Подбородок Раковича отвис, на лбу собрались морщины.
– Болен, чёрт меня побери!
Он взял цилиндр и сунул бумаги в портфель.
– Ох!.. Скажите его превосходительству, что я душевно желал выяснить пред ним «вопрос о выеденном яйце»… Но не в состоянии, – заключил Ракович, окончательно изнемогая и пропадая в передней.
Пообедав у «татар» и вернувшись к себе, чтоб переодеться, он неожиданно застал там Кривцову.
VIII
Он вскрикнул, поднял брови, раскрыл рот и застыл на секунду в неловкой позе, с расставленными руками. Оправившись, он засуетился и подвинул ей кресло.
– Садитесь! Катя!
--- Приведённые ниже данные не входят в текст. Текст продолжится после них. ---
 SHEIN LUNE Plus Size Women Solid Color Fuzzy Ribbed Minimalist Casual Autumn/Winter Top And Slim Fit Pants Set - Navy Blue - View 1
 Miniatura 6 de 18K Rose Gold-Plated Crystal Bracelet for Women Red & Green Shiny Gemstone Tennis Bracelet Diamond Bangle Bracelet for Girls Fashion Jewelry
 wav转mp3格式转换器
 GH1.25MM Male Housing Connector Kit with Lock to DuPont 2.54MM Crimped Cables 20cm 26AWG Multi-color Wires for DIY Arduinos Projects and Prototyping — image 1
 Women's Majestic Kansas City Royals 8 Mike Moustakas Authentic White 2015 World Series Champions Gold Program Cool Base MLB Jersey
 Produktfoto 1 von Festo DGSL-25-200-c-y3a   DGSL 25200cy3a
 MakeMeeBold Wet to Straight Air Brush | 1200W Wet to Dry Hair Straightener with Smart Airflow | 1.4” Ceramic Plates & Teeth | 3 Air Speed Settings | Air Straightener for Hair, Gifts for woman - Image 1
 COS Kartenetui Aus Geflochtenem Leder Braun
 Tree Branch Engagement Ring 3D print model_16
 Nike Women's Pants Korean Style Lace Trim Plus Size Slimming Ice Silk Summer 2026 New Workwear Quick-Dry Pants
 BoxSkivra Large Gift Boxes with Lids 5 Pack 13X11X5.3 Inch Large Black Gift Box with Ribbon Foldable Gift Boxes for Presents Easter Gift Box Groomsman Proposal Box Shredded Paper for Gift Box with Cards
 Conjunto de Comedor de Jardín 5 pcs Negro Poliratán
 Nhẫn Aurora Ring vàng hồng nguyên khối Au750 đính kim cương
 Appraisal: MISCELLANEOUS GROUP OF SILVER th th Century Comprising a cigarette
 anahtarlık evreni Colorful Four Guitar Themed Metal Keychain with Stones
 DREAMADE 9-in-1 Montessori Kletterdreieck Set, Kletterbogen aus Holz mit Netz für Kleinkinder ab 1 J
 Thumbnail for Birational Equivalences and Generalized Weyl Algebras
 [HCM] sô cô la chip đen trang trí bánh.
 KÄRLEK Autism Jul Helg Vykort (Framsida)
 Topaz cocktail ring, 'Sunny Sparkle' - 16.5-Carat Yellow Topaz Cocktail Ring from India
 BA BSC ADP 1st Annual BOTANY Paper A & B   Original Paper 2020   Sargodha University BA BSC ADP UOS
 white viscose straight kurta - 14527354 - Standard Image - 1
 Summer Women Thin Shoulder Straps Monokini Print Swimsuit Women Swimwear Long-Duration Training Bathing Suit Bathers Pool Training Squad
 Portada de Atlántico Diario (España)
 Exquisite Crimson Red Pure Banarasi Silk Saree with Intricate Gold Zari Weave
Боже мой!
– Благодарю вас, – отвечала Кривцова и посмотрела на него.
– Да, да… Понимаю!.. – сказал он. – Конечно, я виноват!.. Конечно!.. Что ж, казните меня?!. Не только виноват… Даже более: преступен… – произнёс он убеждённым тоном.
Кривцова молчала.
– Ах!.. Жаль, Вареньки нет… Вам сказали, что она на даче? – спросил он.
– Да…
– Ужасно жаль, что её нет… А у вас в сущности какая цель? Вы для чего приехали?
– После узнаете…
– Как после?.. Почему же после?.. Ну, впрочем, всё равно… Однако же?..
Он улыбался, не зная что сказать ещё.
Девушка потупилась.
– Мне хотелось бы знать… Не солгите только!..
– Честное слово!..
– Варенька знала о вашей… любви?
Ракович утвердительно кивнул головою:
– Да… Я от неё ничего не скрывал. Она меня простила…
Кривцова захохотала. Ракович с испугом взглянул на гостью. Но она быстро успокоилась. Её глаза были по-прежнему темны, влажны, и только нижняя губа трепетала.
– Она добрая! – прошептала она.
– Она, действительно, добрая! – серьёзно сказал Ракович.
– Она тебя любит?..
– Очень…
– И вы ей отвечаете тем же?
– Да…
– У вас есть дети?
– Сын…
– Ты его тоже любишь?
– Тоже.
– Так Варенька на даче?.. Мне надо повидать Вареньку! – произнесла Кривцова, хмурясь.